The configuration of the interest rate in a country is decided by the central banks. In India, it is based on the repo rate, which is the repurchase rate provided by RBI to banks when buying government securities, short-term. This rate depends on aspects such as the state of the national economy, global monetary policy, inflation and the liquidity situation. Based on the repo rate, the next set of rates is determined, such as the bank rate and the MCLR. The discount rate is the lending rate charged by central banks to banks, while the MCLR (marginal cost of lending rate) is the minimum lending rate that banks should charge customers.
India’s current repo rate is 5.4%, while the bank rate is at a small premium of 5.65%. The MCLR varies depending on the cost structure of the banks. RBI’s MCLR (overnight) rate, the lending rate between two banks, is 6.7% to 7.5%.
Here we can get the impression that RBI controls the financial and interest rates of India. Otherwise, it serves as the intellectual intermediary of a growing democratic economy. RBI must balance the mood of the global financial market, the position of the national economy, the management of the financial needs of the government and the strength of the INR. The monetary strength of a country depends on the effectiveness of a central bank, otherwise it has a disastrous impact on the country’s outlook, currency, inflation and interest rates.

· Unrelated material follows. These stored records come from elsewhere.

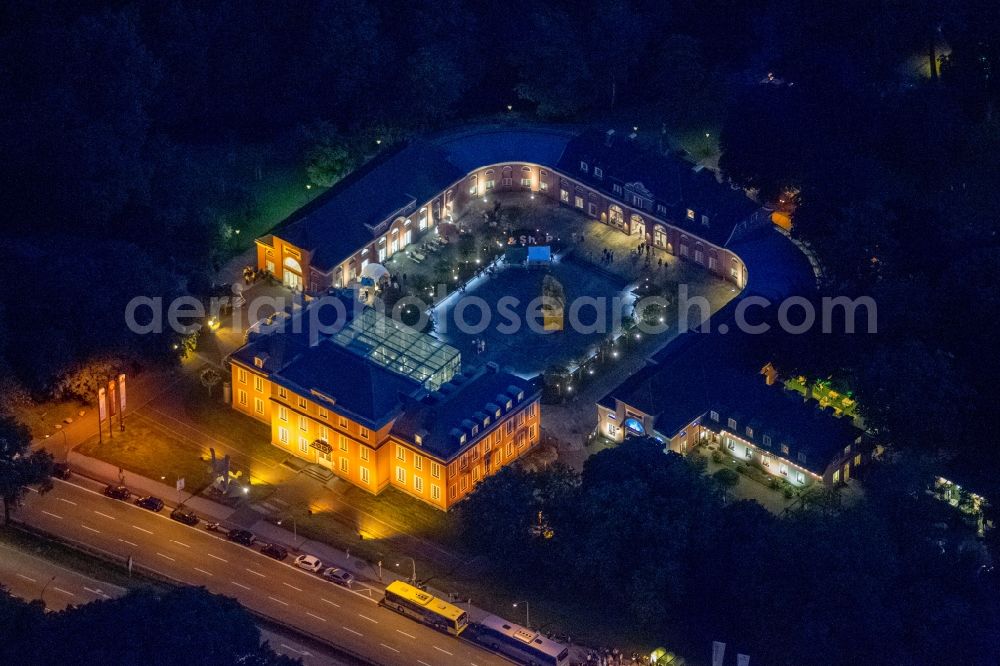 Aerial image at night Oberhausen - Night lighting Palace LUDWIGGALERIE - Schloss Oberhausen on Konrad-Adenauer-Allee in Oberhausen in the state North Rhine-Westphalia, Germany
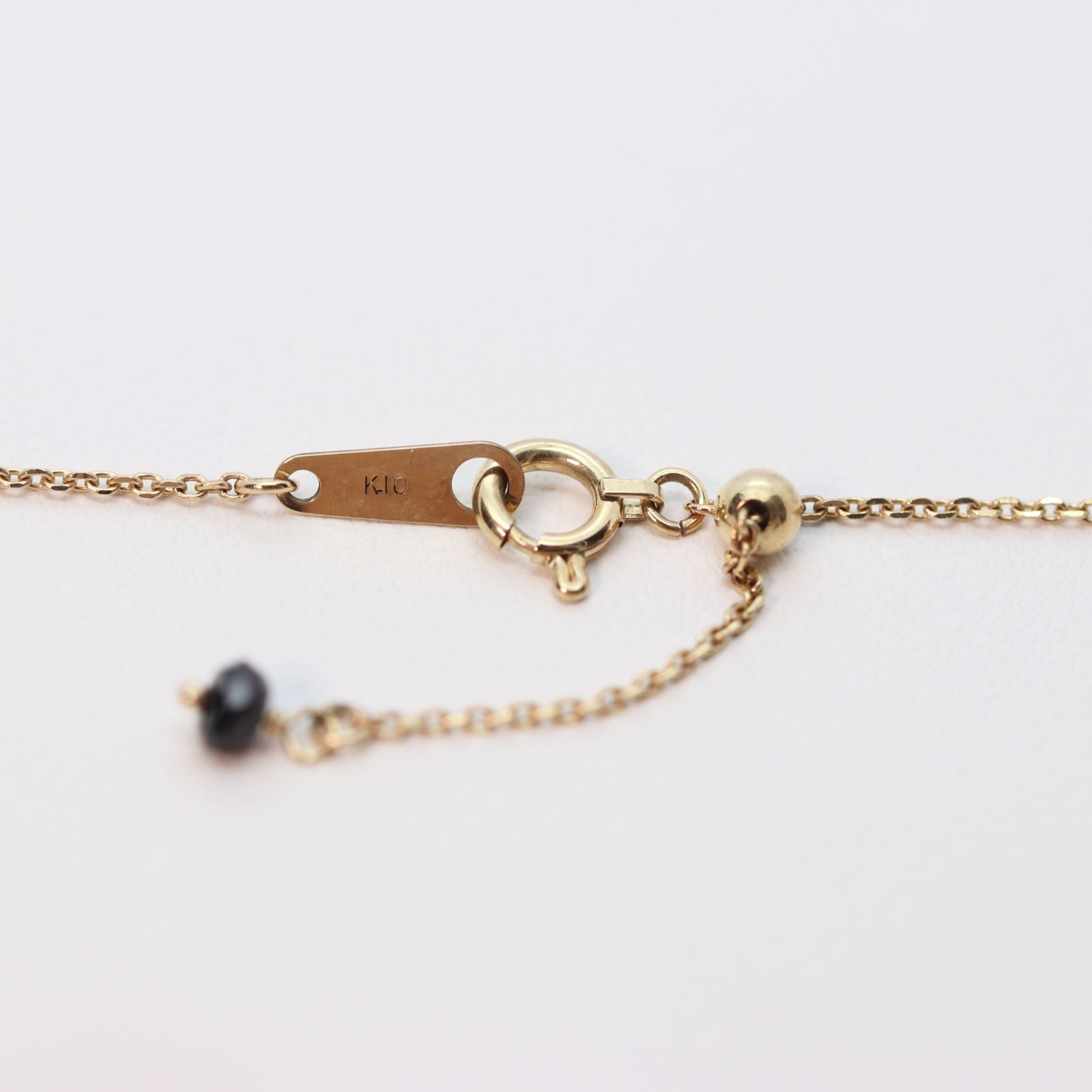 Agete K10 gold necklace with black onyx and slide adjuster on a white background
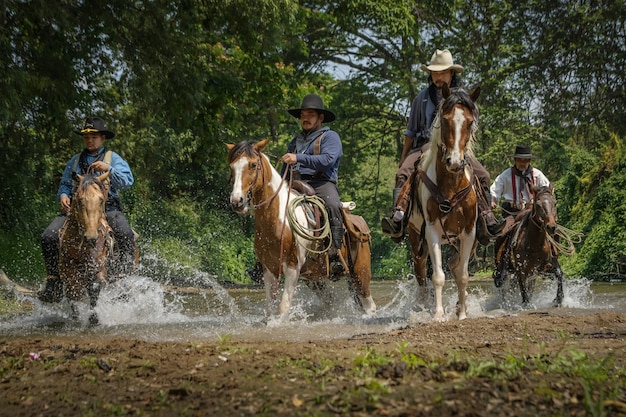 Foto's van veel mannen die cowboykleding dragen, op paarden rijden en over de rivier reizen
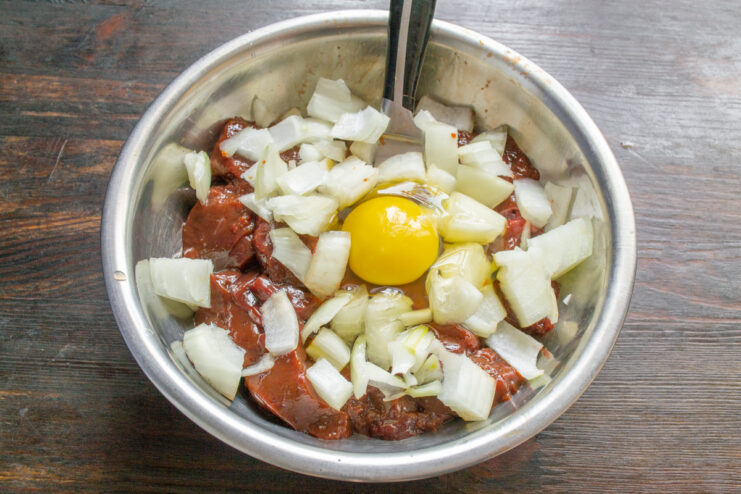 Adding an egg to the liver and onion mixture A raw egg cracked into a bowl containing beef liver and chopped onion.
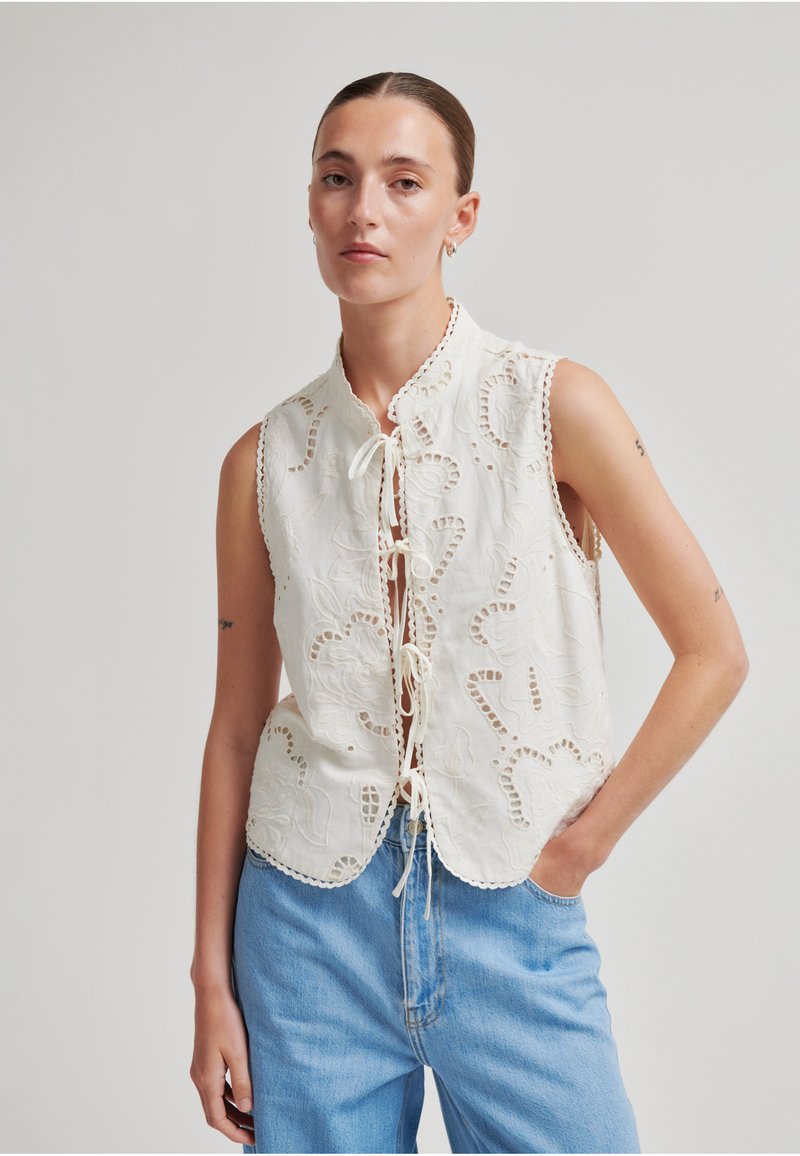 Femme aux cheveux plaqués en arrière portant un top blanc brodé sans manches avec des liens à l'avant et un jean bleu clair, debout, main dans la poche.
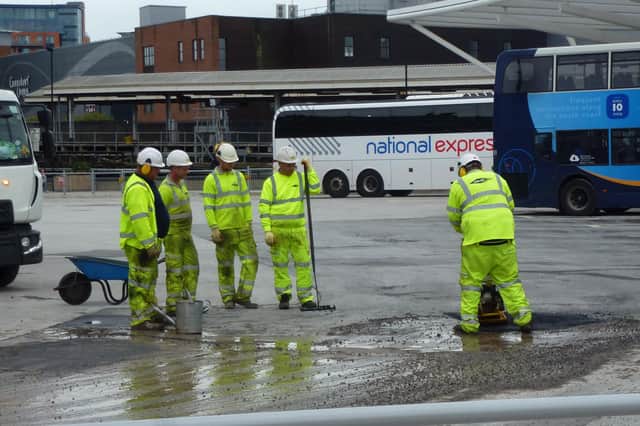 Workers sorting a temporary fix in October 2019 for the tarmac at the £9.2m Hard Interchange at Portsea. Portsmouth City Council is replacing the entire bus apron because it keeps failing. The authority is in legal discussions with its designer and contractor. Picture: Terry Pearson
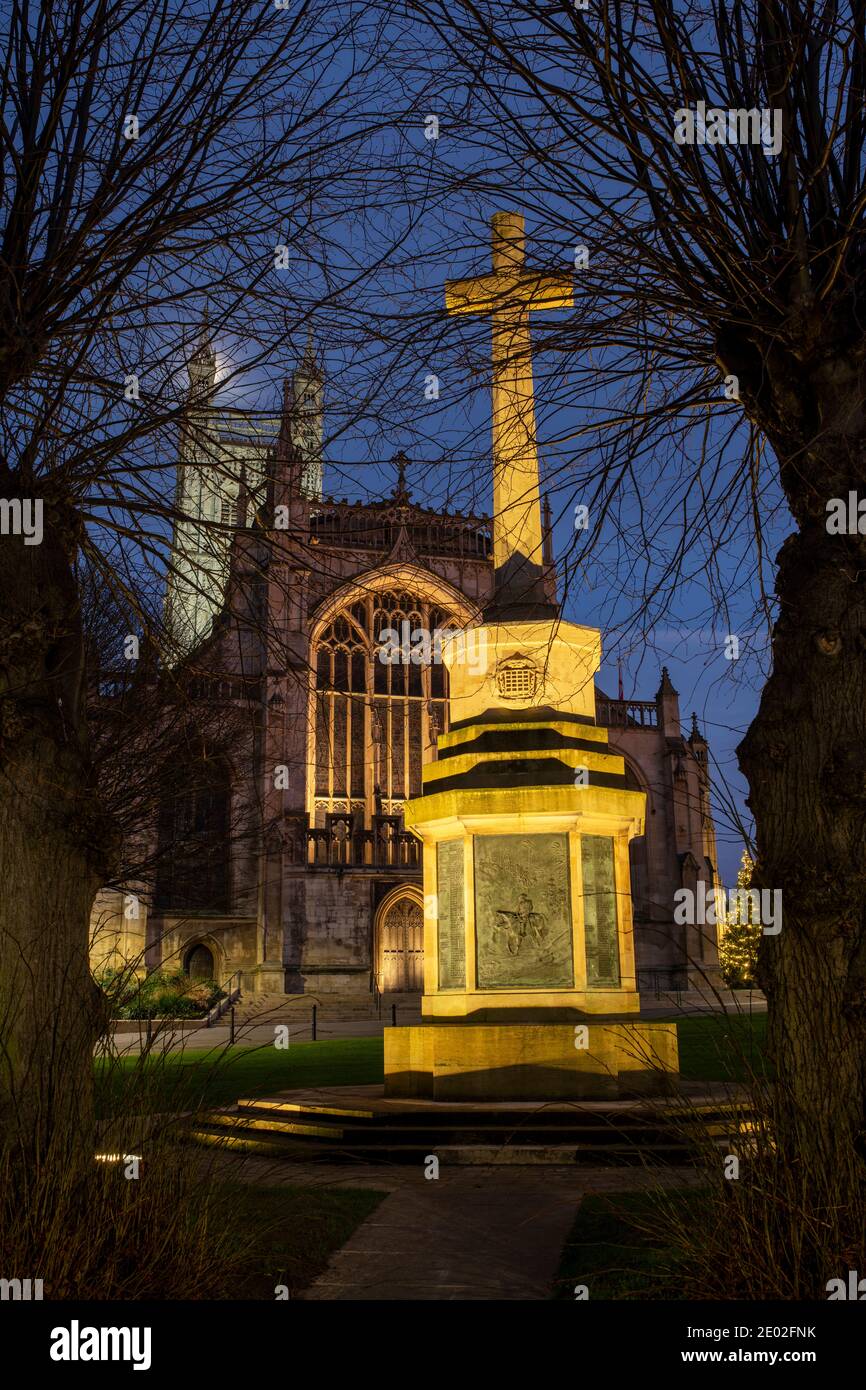 College green war memorial lit up in front of Gloucester Cathedral on Christmas Day at dusk. Gloucester, Gloucestershire, Cotswolds, England Stock Photo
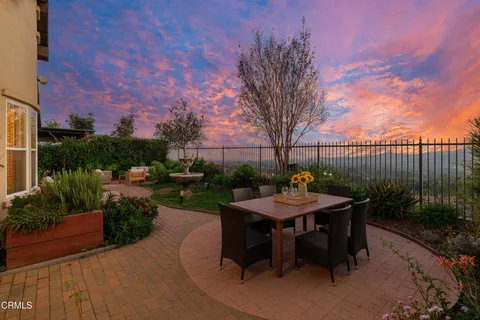 a view of roof deck with dining table and chairs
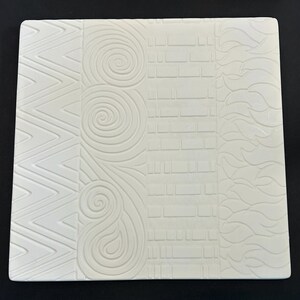 May include: A square, off-white ceramic tile with four distinct textured patterns. The patterns include a zig-zag, a spiral, a brick-like design, and a wavy pattern. The tile is set against a black background.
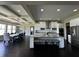 Modern eat-in kitchen with stainless appliances, central island, and view to the dining room at 2657 Gray Mill Way, Loganville, GA 30052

Assuming the world is in an equilibrium state, generally, the higher a country’s interest rate, the stronger the economy and currency will be due to large money flow. However, the world is made up of markets in balance between developing countries, emerging countries and developed countries. Bubbles of geopolitical, climatic, economic and domestic risks in the financial markets. The risk of the world and the country is constantly changing, determining the strength of the economy and the currency. Therefore, the higher the risk, the higher the interest rate will be and vice versa.
Generally, the risk on a daily basis is the deviation of the parameter factor or the measure of the standard deviation over a period. The higher the variation, the higher the risk. Qualitatively, it will depend on macroeconomic factors such as the size and strength of the economy, growth, socio-political scenario and monetary policies. A country’s interest rate cycle moves on a negative slope (downtrend) as the economy strengthens.
Taking the example of a developed market like the United States, the yield on 10-year Treasury bonds peaked in 1980 at 16%, then fell to around 6% in 2000 and 2.7% today. . This is facilitated by the fact that the United States is the strongest economy and the USD is the world’s inverted currency. Similarly, we can expect a similar long-term trend for India’s interest rate cycle if the economy strengthens going forward. In the short term, it will be volatile depending on local and global factors.
(Vinod Nair is Head of Research at Geojit Financial Services.)